**GOAL OF THE EXERCISE**
Reproduce the listing below exactly, minus its pictures.

**DATASET EXTRACT**
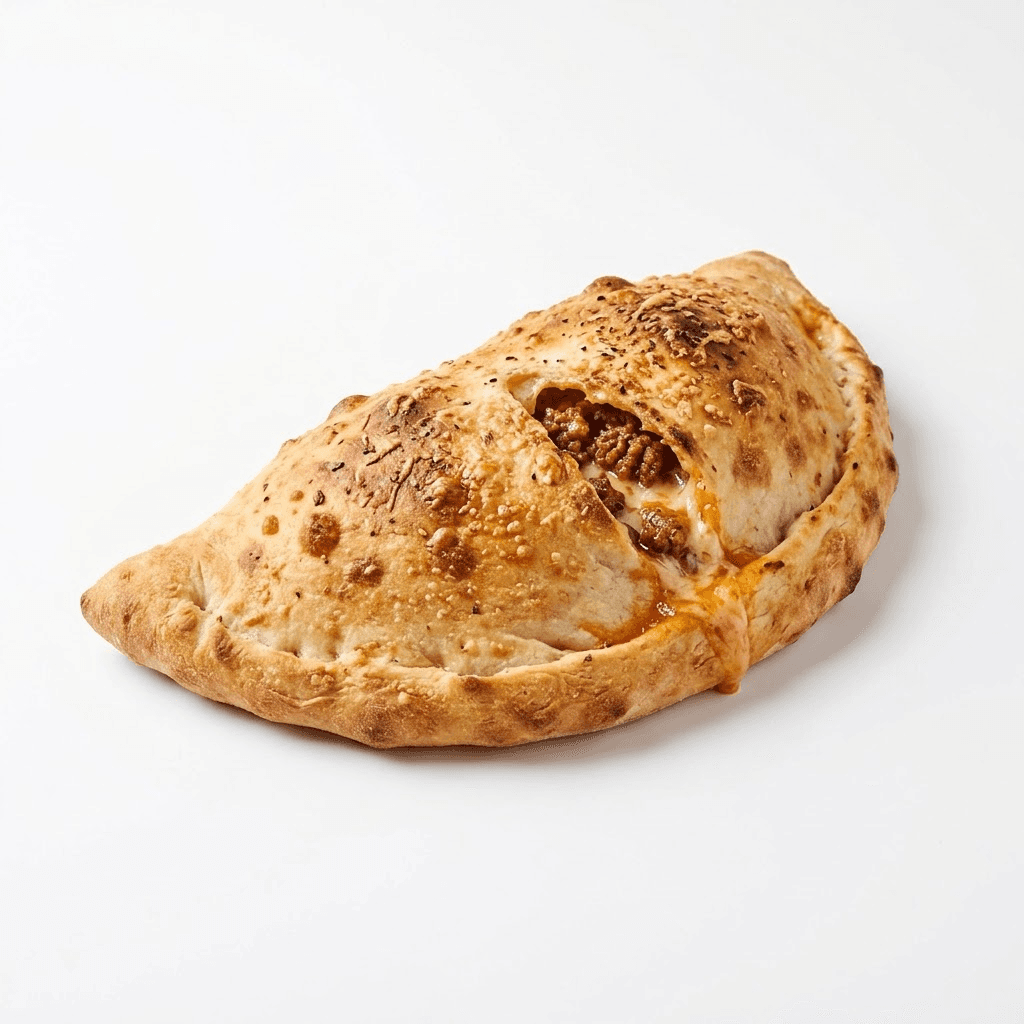 Soufflé Viande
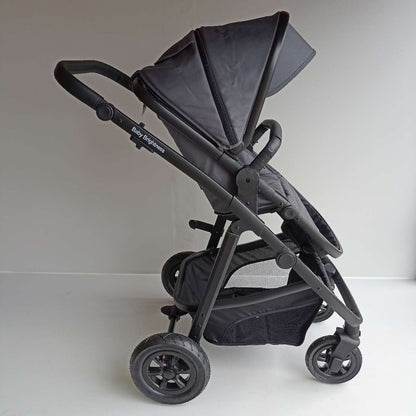 Baby Brightness Palms 2+ baby stroller Black - image 13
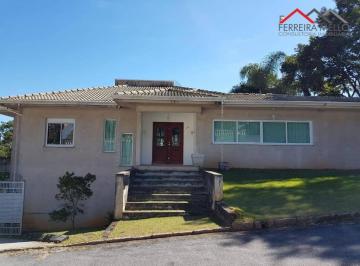 12645f322d11e7e8cd420be2b8407ea17dea627e · Casa com 4 dormitórios à venda, 348 m² por R$ 2.200.000,00 - Alpes de Caieiras - Caieiras/SP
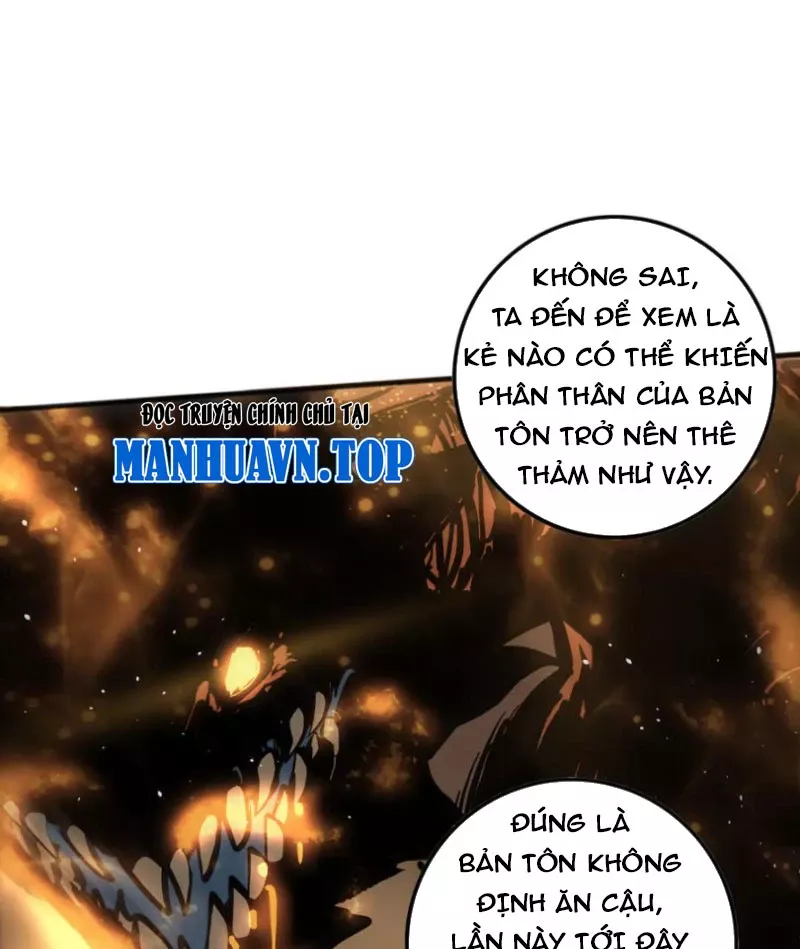 Thảm Họa Tử Linh Sư Chap 132.1 - Next Chap 133.1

**RESULT FOR THIS EXERCISE**
 Soufflé Viande
 Baby Brightness Palms 2+ baby stroller Black - image 13
 12645f322d11e7e8cd420be2b8407ea17dea627e · Casa com 4 dormitórios à venda, 348 m² por R$ 2.200.000,00 - Alpes de Caieiras - Caieiras/SP
 Thảm Họa Tử Linh Sư Chap 132.1 - Next Chap 133.1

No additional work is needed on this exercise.